La mesa de conferencias tenía forma de herradura. Al ocupar su asiento en la parte curvada, el presidente de Thalassa se encontró murmurando irónicamente algo sobre el Azar y el Destino... temas que nunca le habían preocupado mucho en el pasado. Pero el Azar, en su forma más pura, le había puesto en su posición actual. Y ahora, el Azar (o su hermano, el Destino), atacaban de nuevo. ¡Era sorprendente que él, un fabricante de equipos deportivos carente de toda ambición, hubiera sido elegido para aquella reunión histórica! Sin embargo, alguien tenía que hacerlo; y debía admitir que empezaba a divertirse. Como mínimo, nadie podría impedir que pronunciara su discurso de bienvenida...
... De hecho, era un buen discurso, aunque tal vez un poco más largo de lo necesario incluso para una ocasión como aquélla.

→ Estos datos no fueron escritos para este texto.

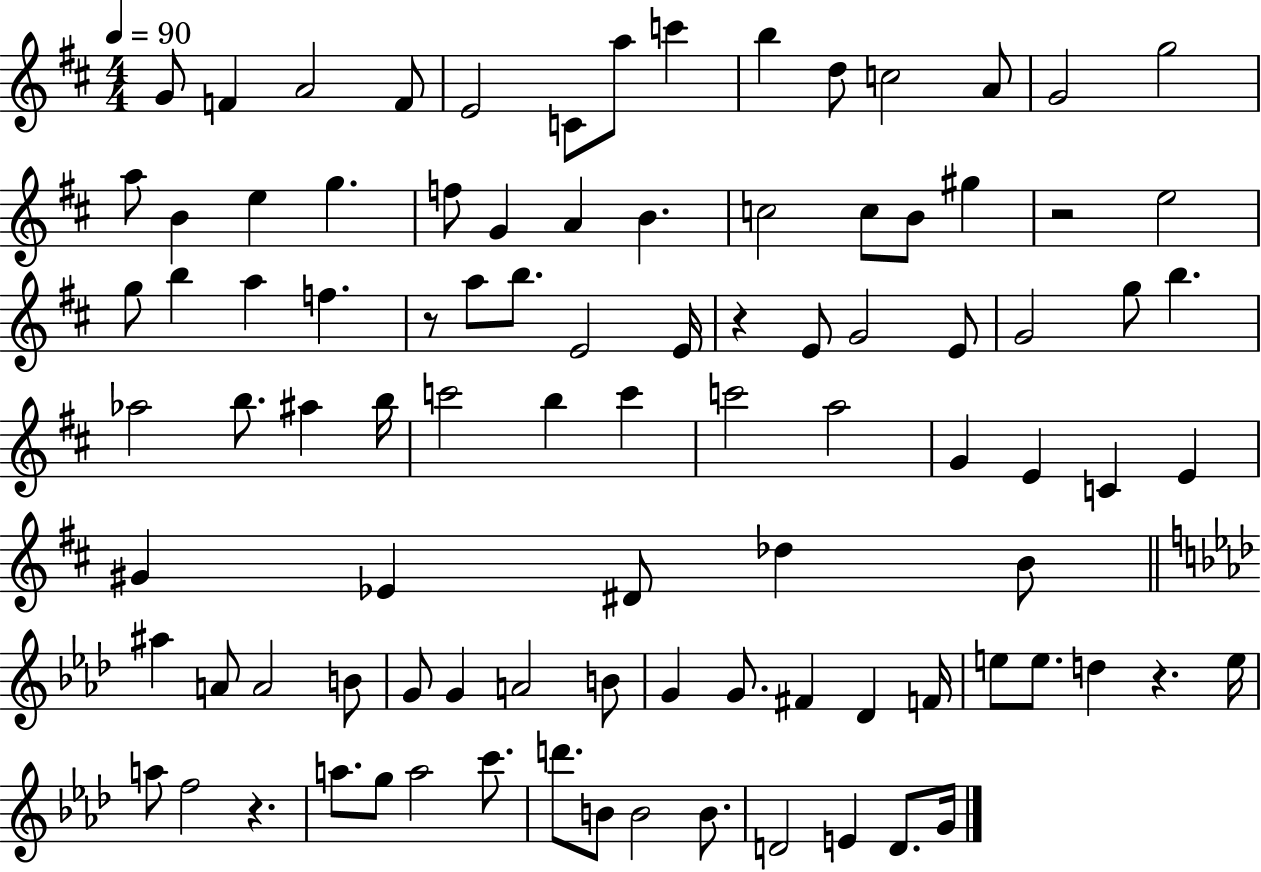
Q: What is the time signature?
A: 4/4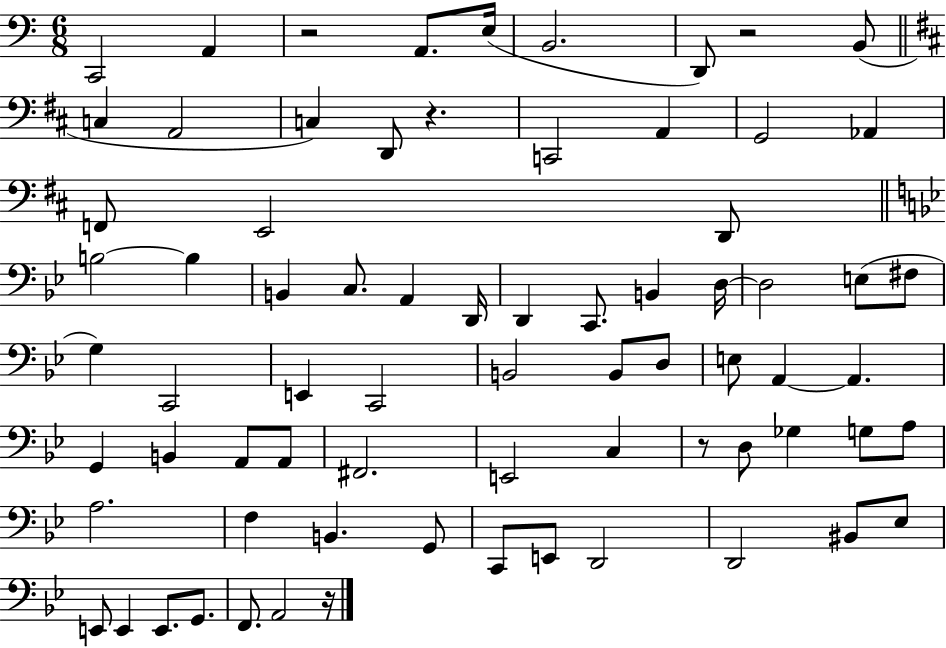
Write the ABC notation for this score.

X:1
T:Untitled
M:6/8
L:1/4
K:C
C,,2 A,, z2 A,,/2 E,/4 B,,2 D,,/2 z2 B,,/2 C, A,,2 C, D,,/2 z C,,2 A,, G,,2 _A,, F,,/2 E,,2 D,,/2 B,2 B, B,, C,/2 A,, D,,/4 D,, C,,/2 B,, D,/4 D,2 E,/2 ^F,/2 G, C,,2 E,, C,,2 B,,2 B,,/2 D,/2 E,/2 A,, A,, G,, B,, A,,/2 A,,/2 ^F,,2 E,,2 C, z/2 D,/2 _G, G,/2 A,/2 A,2 F, B,, G,,/2 C,,/2 E,,/2 D,,2 D,,2 ^B,,/2 _E,/2 E,,/2 E,, E,,/2 G,,/2 F,,/2 A,,2 z/4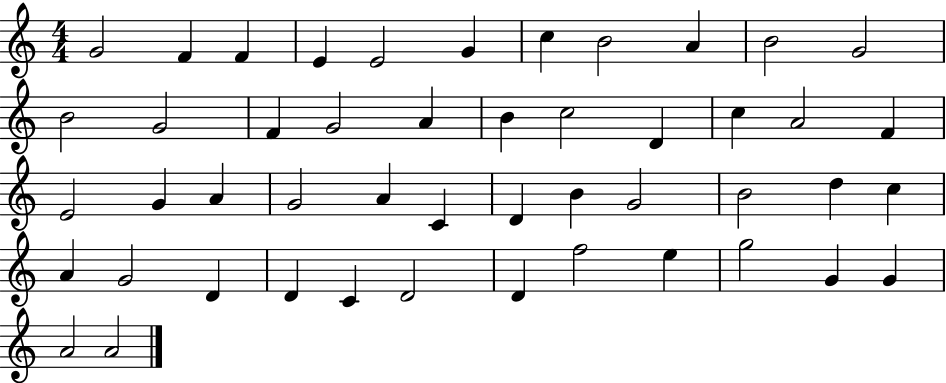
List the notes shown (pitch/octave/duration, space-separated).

G4/h F4/q F4/q E4/q E4/h G4/q C5/q B4/h A4/q B4/h G4/h B4/h G4/h F4/q G4/h A4/q B4/q C5/h D4/q C5/q A4/h F4/q E4/h G4/q A4/q G4/h A4/q C4/q D4/q B4/q G4/h B4/h D5/q C5/q A4/q G4/h D4/q D4/q C4/q D4/h D4/q F5/h E5/q G5/h G4/q G4/q A4/h A4/h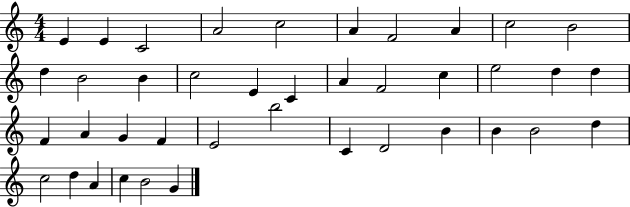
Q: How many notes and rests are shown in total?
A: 40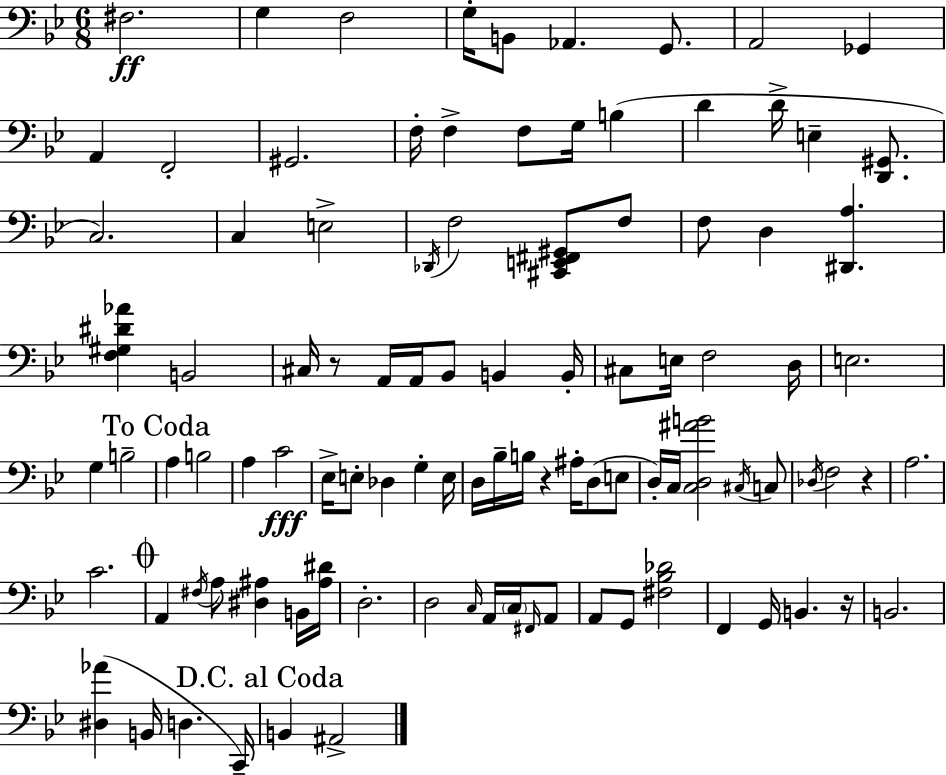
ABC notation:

X:1
T:Untitled
M:6/8
L:1/4
K:Bb
^F,2 G, F,2 G,/4 B,,/2 _A,, G,,/2 A,,2 _G,, A,, F,,2 ^G,,2 F,/4 F, F,/2 G,/4 B, D D/4 E, [D,,^G,,]/2 C,2 C, E,2 _D,,/4 F,2 [^C,,E,,^F,,^G,,]/2 F,/2 F,/2 D, [^D,,A,] [F,^G,^D_A] B,,2 ^C,/4 z/2 A,,/4 A,,/4 _B,,/2 B,, B,,/4 ^C,/2 E,/4 F,2 D,/4 E,2 G, B,2 A, B,2 A, C2 _E,/4 E,/2 _D, G, E,/4 D,/4 _B,/4 B,/4 z ^A,/4 D,/2 E,/2 D,/4 C,/4 [C,D,^AB]2 ^C,/4 C,/2 _D,/4 F,2 z A,2 C2 A,, ^F,/4 A,/2 [^D,^A,] B,,/4 [^A,^D]/4 D,2 D,2 C,/4 A,,/4 C,/4 ^F,,/4 A,,/2 A,,/2 G,,/2 [^F,_B,_D]2 F,, G,,/4 B,, z/4 B,,2 [^D,_A] B,,/4 D, C,,/4 B,, ^A,,2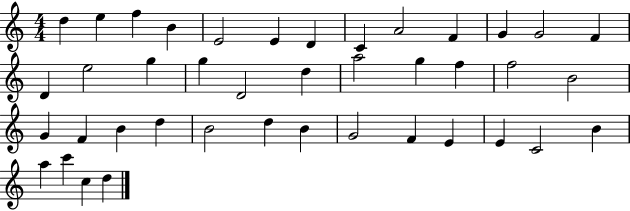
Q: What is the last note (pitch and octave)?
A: D5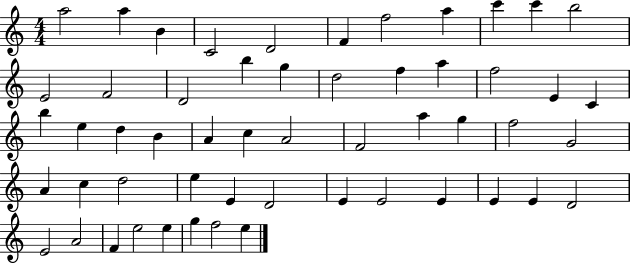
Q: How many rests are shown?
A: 0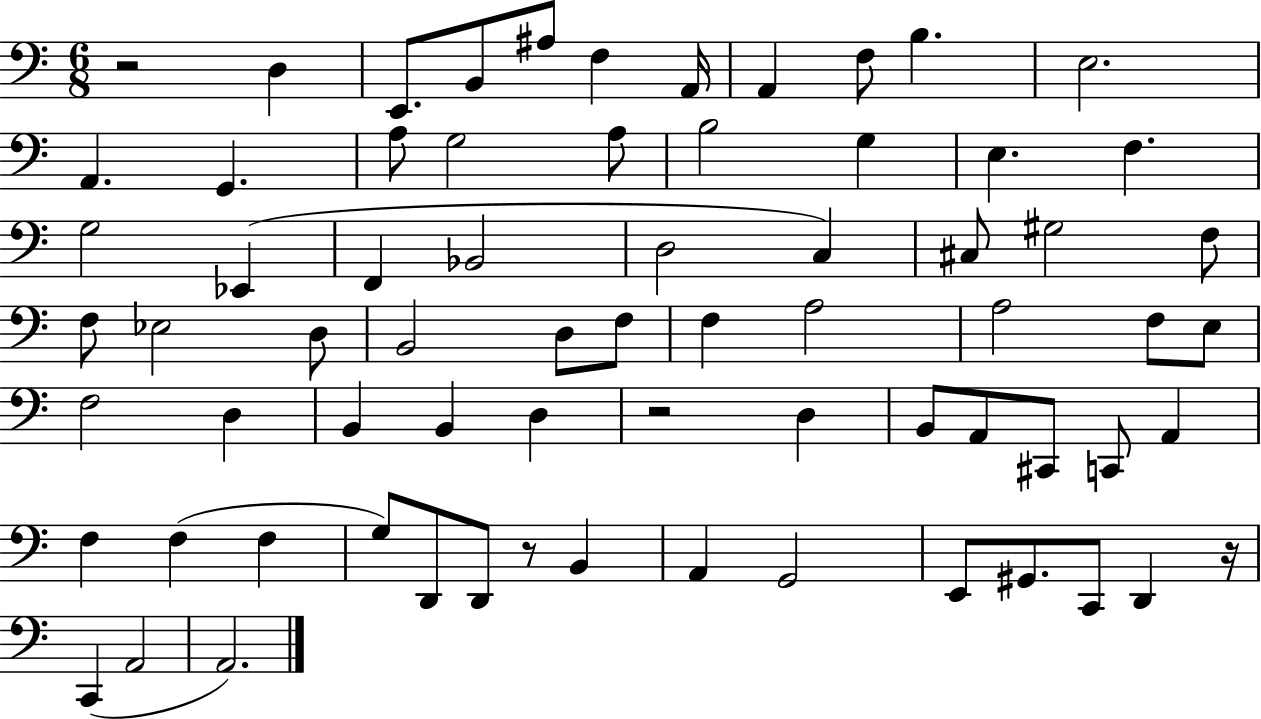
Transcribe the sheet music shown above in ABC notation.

X:1
T:Untitled
M:6/8
L:1/4
K:C
z2 D, E,,/2 B,,/2 ^A,/2 F, A,,/4 A,, F,/2 B, E,2 A,, G,, A,/2 G,2 A,/2 B,2 G, E, F, G,2 _E,, F,, _B,,2 D,2 C, ^C,/2 ^G,2 F,/2 F,/2 _E,2 D,/2 B,,2 D,/2 F,/2 F, A,2 A,2 F,/2 E,/2 F,2 D, B,, B,, D, z2 D, B,,/2 A,,/2 ^C,,/2 C,,/2 A,, F, F, F, G,/2 D,,/2 D,,/2 z/2 B,, A,, G,,2 E,,/2 ^G,,/2 C,,/2 D,, z/4 C,, A,,2 A,,2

Hacia el final se dio cuenta de que las expresiones educadamente atentas de cuantos le escuchaban empezaban a tornarse algo vidriosas, de modo que eliminó algunas de las estadística de productividad y toda la sección de la nueva red eléctrica de la Isla Sur. Al sentarse, estaba convencido de haber mostrado la imagen de una sociedad fuerte y progresista con un nivel elevado de capacidad técnica. Por más que ciertas impresiones superficiales sugirieran lo contrario, Thalassa no era retrasada ni decadente, y aún mantenía las tradiciones más puras de sus grandes antepasados. Etcétera.
—Muchas gracias, señor presidente —dijo el capitán Bey en la apreciativa pausa que siguió—. Fue una auténtica sorpresa de bienvenida descubrir que Thalassa no sólo estaba habitada, sino que era floreciente. Ello hará nuestra estancia aquí todavía más agradable, y esperamos marcharnos con buena voluntad por ambas partes.